Gain Confidence, Reduce Disappointment: A New Approach to Cross-Validation for Sparse Regression

Ridge regularized sparse regression involves selecting a subset of features that explains the relationship between a design matrix and an output vector in an interpretable manner. To select the sparsity and robustness of linear regressors, techniques like leave-one-out cross-validation are commonly used for hyperparameter tuning. However, cross-validation typically increases the cost of sparse regression by several orders of magnitude. Additionally, validation metrics are noisy estimators of the test-set error, with different hyperparameter combinations giving models with different amounts of noise. Therefore, optimizing over these metrics is vulnerable to out-of-sample disappointment, especially in underdetermined settings. To address this, we make two contributions. First, we leverage the generalization theory literature to propose confidence-adjusted variants of leave-one-out that display less propensity to out-of-sample disappointment. Second, we leverage ideas from the mixed-integer literature to obtain computationally tractable relaxations of confidence-adjusted leave-one-out, thereby minimizing it without solving as many MIOs. Our relaxations give rise to an efficient coordinate descent scheme which allows us to obtain significantly lower leave-one-out errors than via other methods in the literature. We validate our theory by demonstrating we obtain significantly sparser and comparably accurate solutions than via popular methods like GLMNet and suffer from less out-of-sample disappointment. On synthetic datasets, our confidence adjustment procedure generates significantly fewer false discoveries, and improves out-of-sample performance by 2-5% compared to cross-validating without confidence adjustment. Across a suite of 13 real datasets, a calibrated version of our procedure improves the test set error by an average of 4% compared to cross-validating without confidence adjustment.

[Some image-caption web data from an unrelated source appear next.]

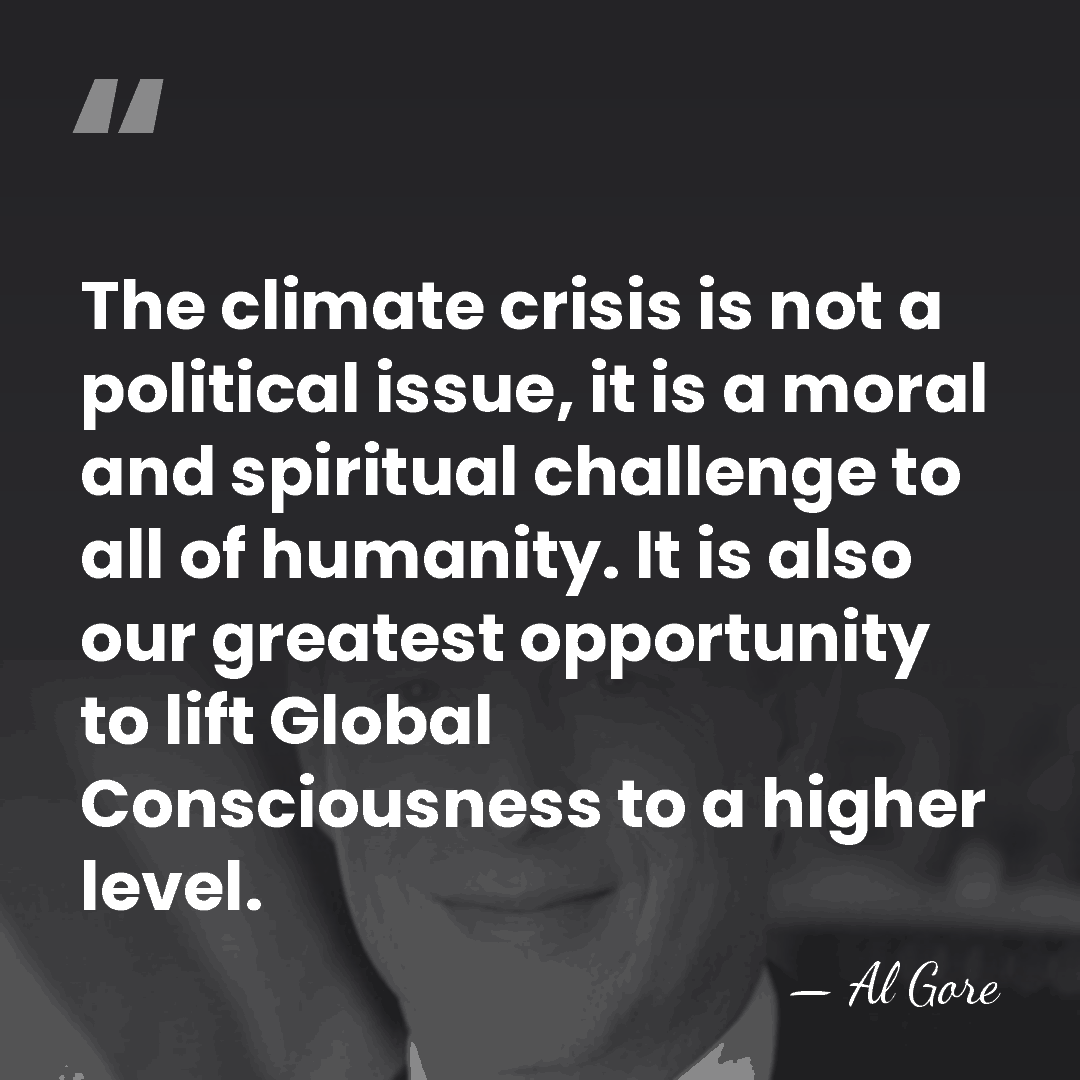 The climate crisis is not a political issue, it is a moral&hellip; - Al Gore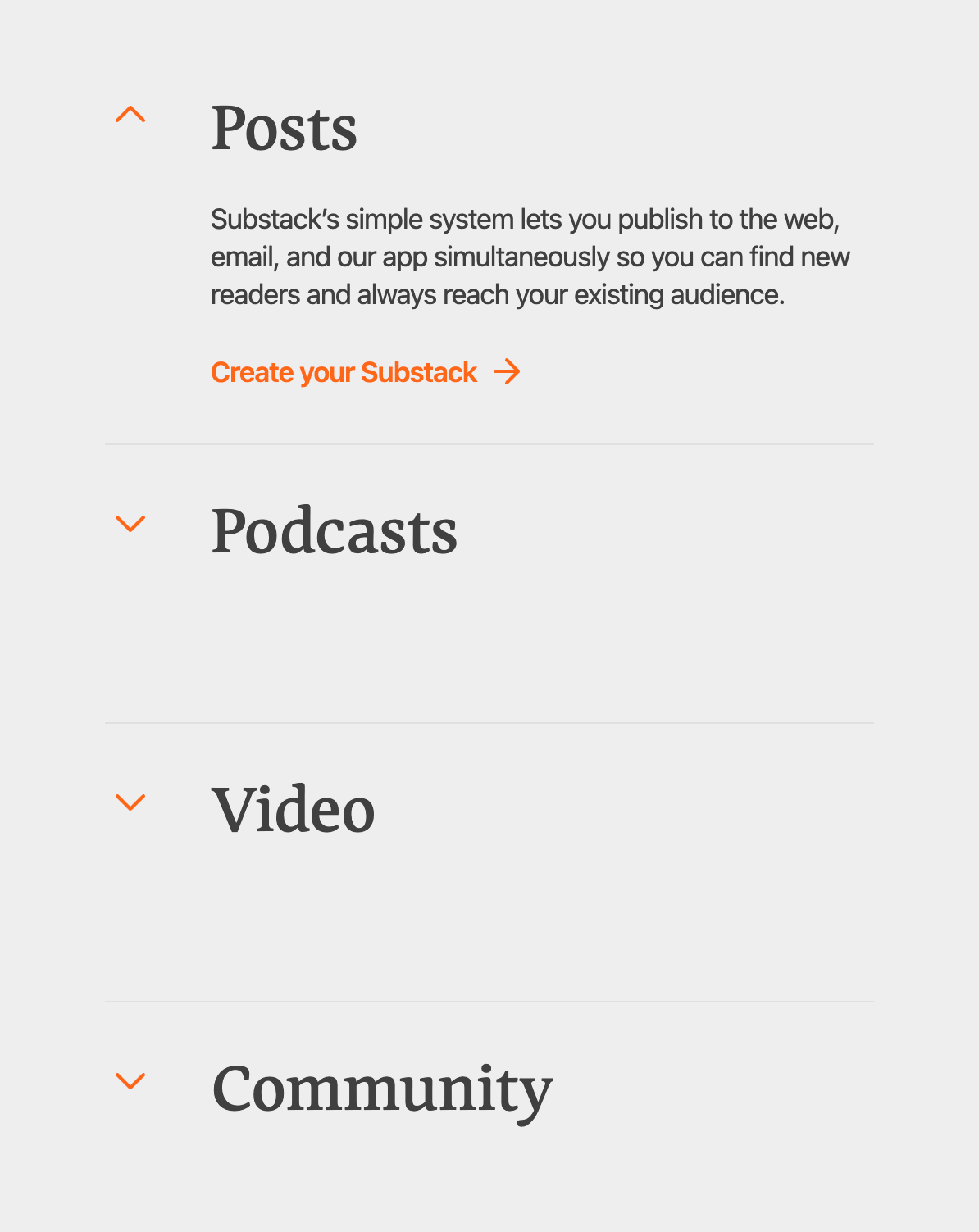 Substack
				accordion ui component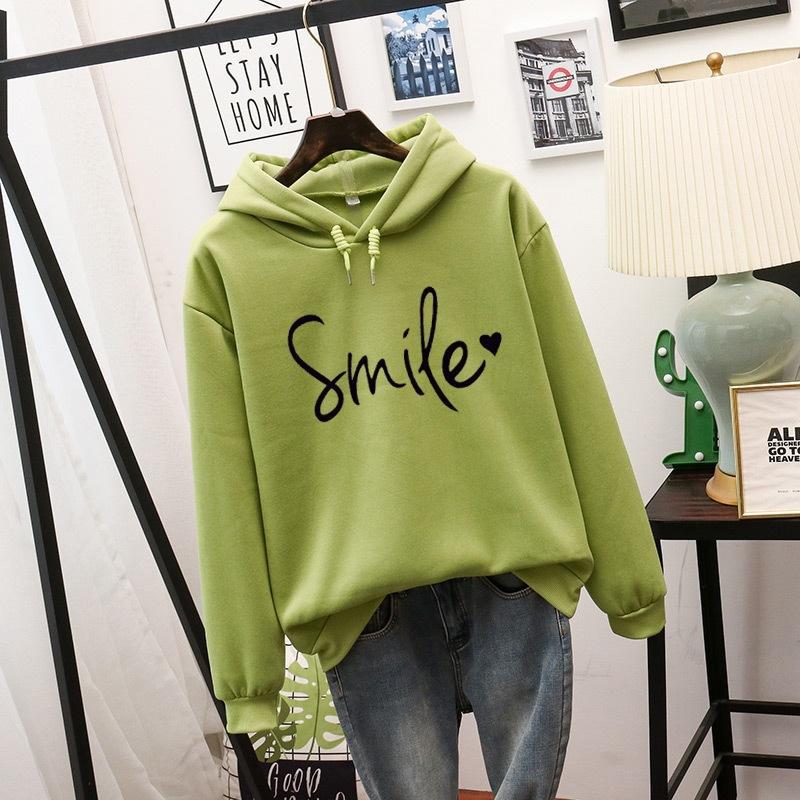 Dames Hoodie met Vrolijke Smile Print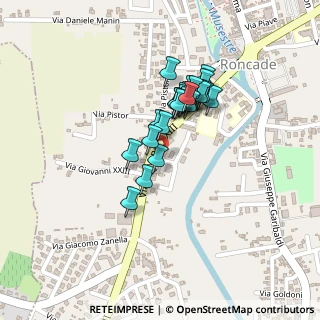 Mappa Via Giovanni XXIII, 31056 Roncade TV, Italia (0.1628)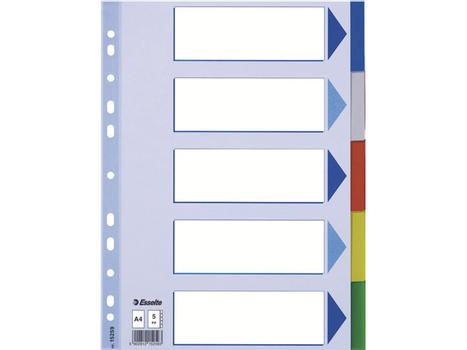 ESSELTE Divider PP A4 5 tabs multicolour (15259*20)
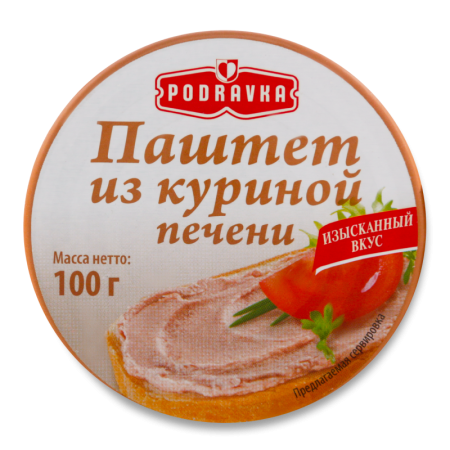 Паштет Podravka из Куриной Печени 100г ж/б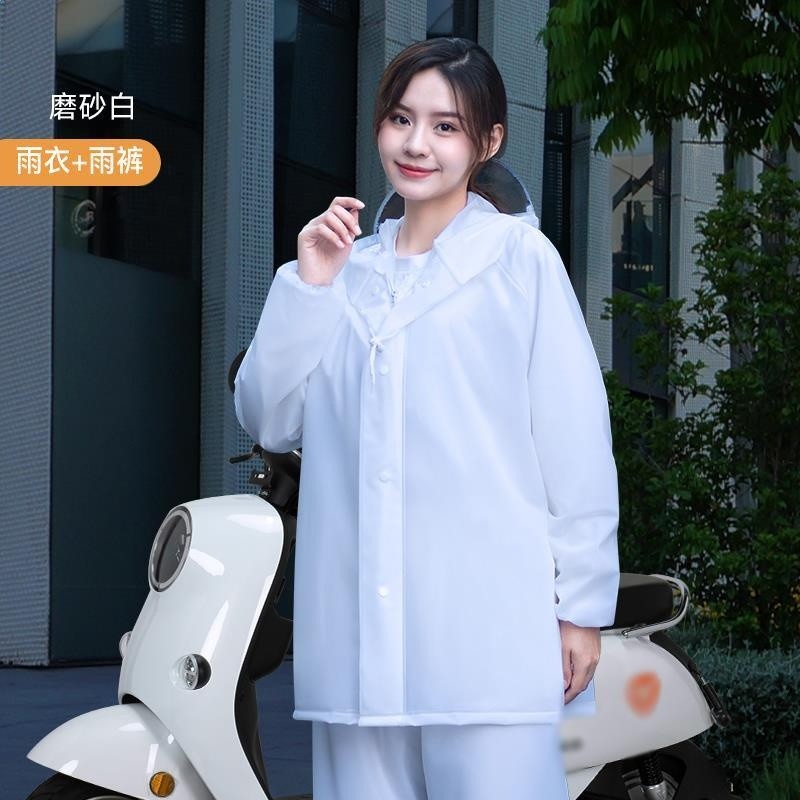 雨衣套裝女款雨褲透明成人長款全身防暴雨電動車分體式防水衣雨服-規格圖5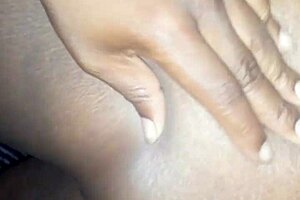 Black home video where a thick slut has her pussy devoured and flooded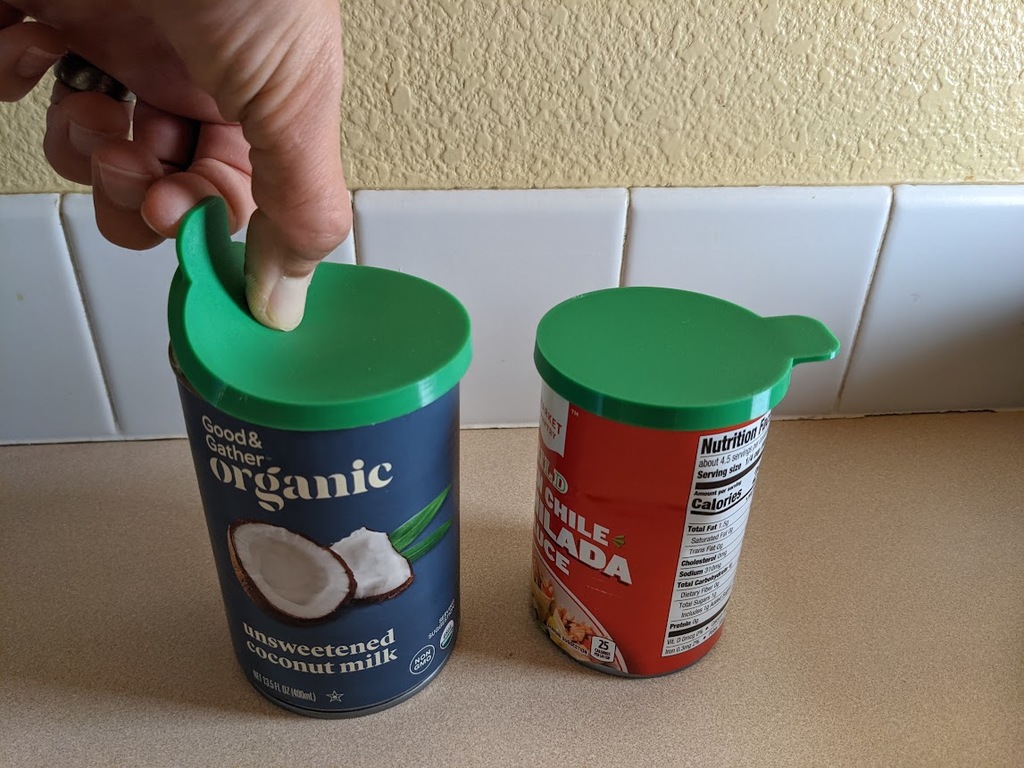 TPU Lid for Steel Food Cans, Soda, Pet Food, etc. - Customizable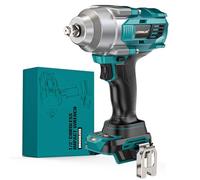 LIVOWALNY Atornillador de Impacto 1200 Nm, Taladro Bateria Sin Escobillas Compatible con Makita 18V, 4 Velocidades y luz LED, para Andamios y Neumáticos de Coche(Solo Herramientas)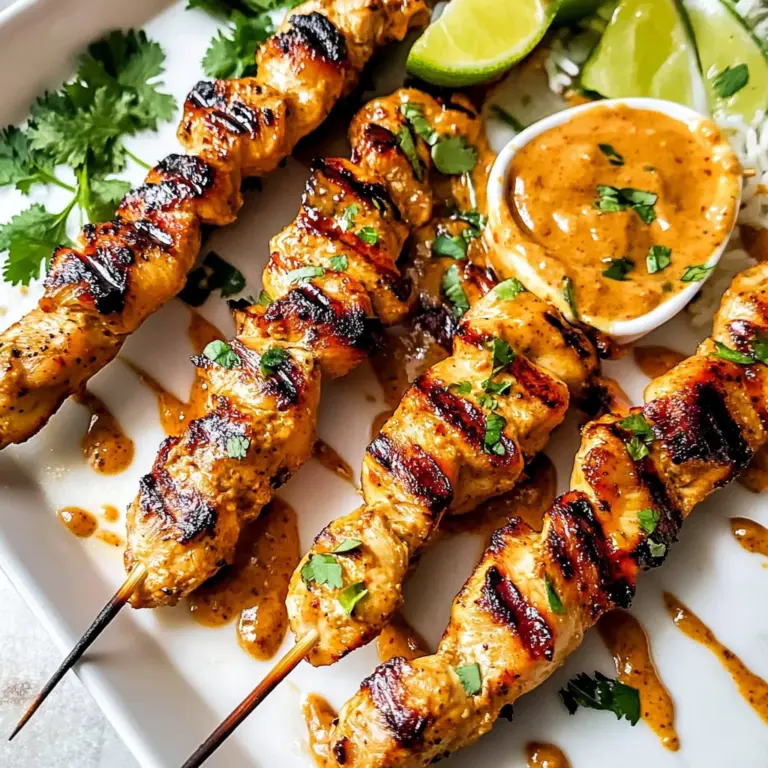 Thai Satay Chicken with Peanut Sauce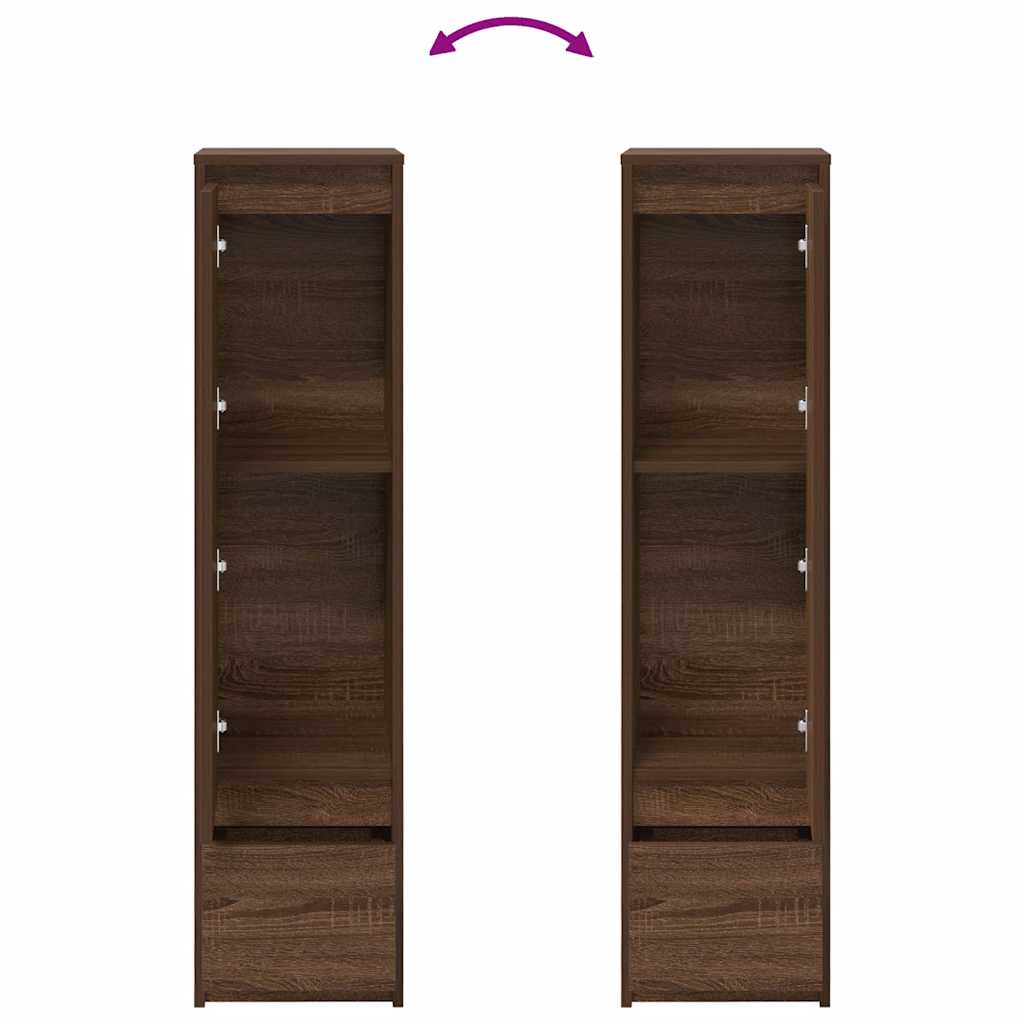 vidaXL Komoda Brązowy Dąb 29,5x34x119,5 cm Drewno klejone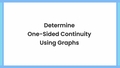 Thumbnail for Determine one-sided continuity using graphs video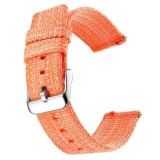 Curea textila, compatibila Samsung Galaxy Watch 5, Galaxy Watch 4, VD Very Dream&reg;, telescoape QR, Merigold Orange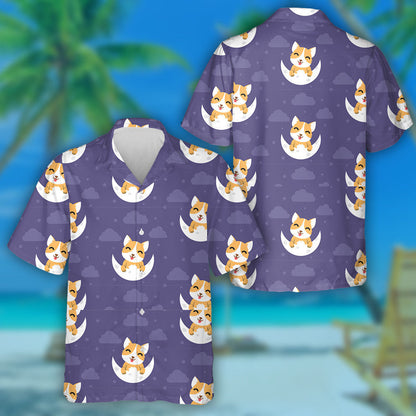 Madra Sásta Le Gealach Agus Réaltaí I gCúlra an Chartúin Léine Haváís, Bronntanas Léine Haváíais, Bronntanas Nollag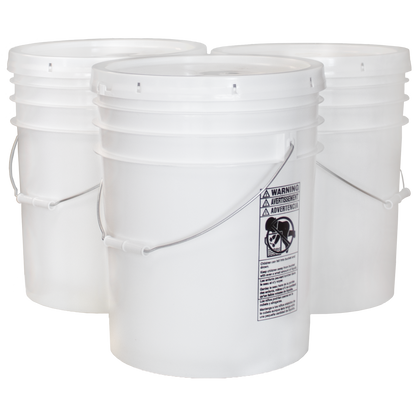 White Food Grade Preparation Bucket 3-Pack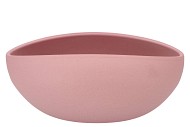 VINCI ROZE SCHAAL OVAAL 31X21X13CM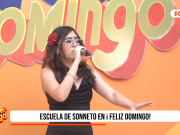 🌹 Luisa Cáceres interpretó con sentimiento “De qué estoy hecha” de Eva Ayllón en Feliz Domingo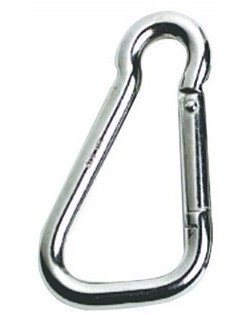 Moschettone in acciaio inox a grande apertura 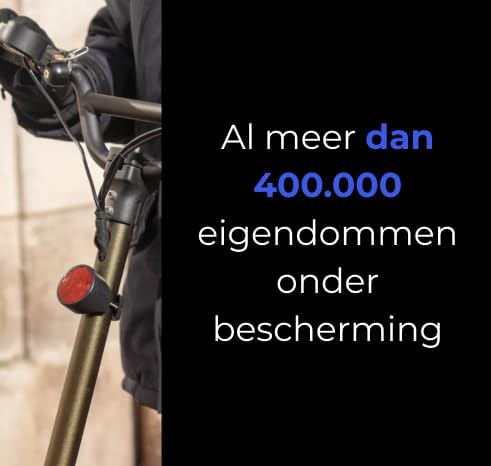 Invoxia Bike Tracker - GPS-tracker met diefstalbeveiliging voor fiets - Reflector met real-time waarschuwingen - 1 jaar abonnement inbegrepen - tot 3 maanden looptijd - discreet en licht - waterdicht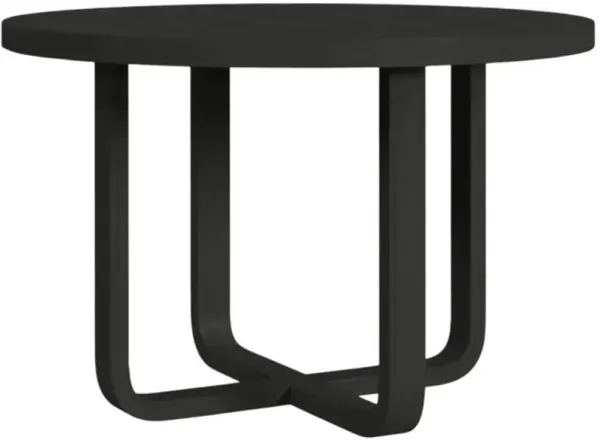 Elements International Ridgemont Black Dining Table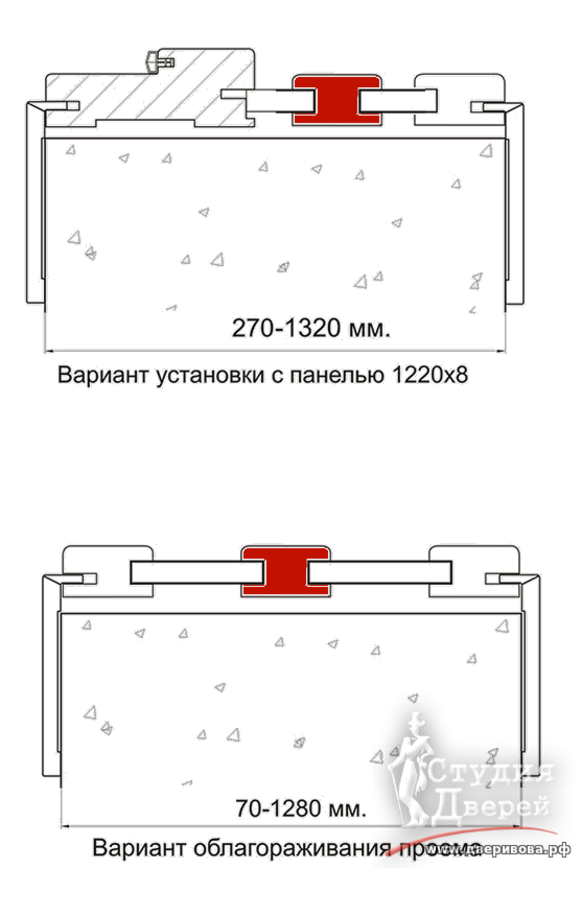 Адаптер добор/добор телеск. 38х22х2070 ПВХ ясень пепельный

翻译：岭正则化稀疏回归涉及选择解释设计矩阵与输出向量之间关系的可解释特征子集。为了选择线性回归器的稀疏性和鲁棒性，通常采用留一法交叉验证等技术进行超参数调优。然而，交叉验证通常会使稀疏回归的计算成本增加几个数量级。此外，验证指标是对测试集误差的有噪声估计，不同的超参数组合会赋予模型不同程度的噪声。因此，基于这些指标进行优化容易导致样本外失望，尤其是在欠定场景中。为解决这一问题，我们做出了两项贡献。首先，我们利用泛化理论文献，提出了置信度调整版的留一法，其表现出更低的样本外失望倾向。其次，我们借鉴混合整数文献中的思想，获得了置信度调整留一法的计算可处理松弛形式，从而在不求解大量MIOs的情况下最小化该指标。我们的松弛方法产生了一种高效的坐标下降方案，使我们能够获得比文献中其他方法显著更低的留一法误差。我们通过实验验证了理论：与GLMNet等流行方法相比，我们获得了显著更稀疏且精度相当的解，且样本外失望更少。在合成数据集上，我们的置信度调整程序生成的错误发现显著减少，与未使用置信度调整的交叉验证相比，将样本外性能提升了2-5%。在13个真实数据集的套件中，我们程序的校准版本与未使用置信度调整的交叉验证相比，平均将测试集误差降低了4%。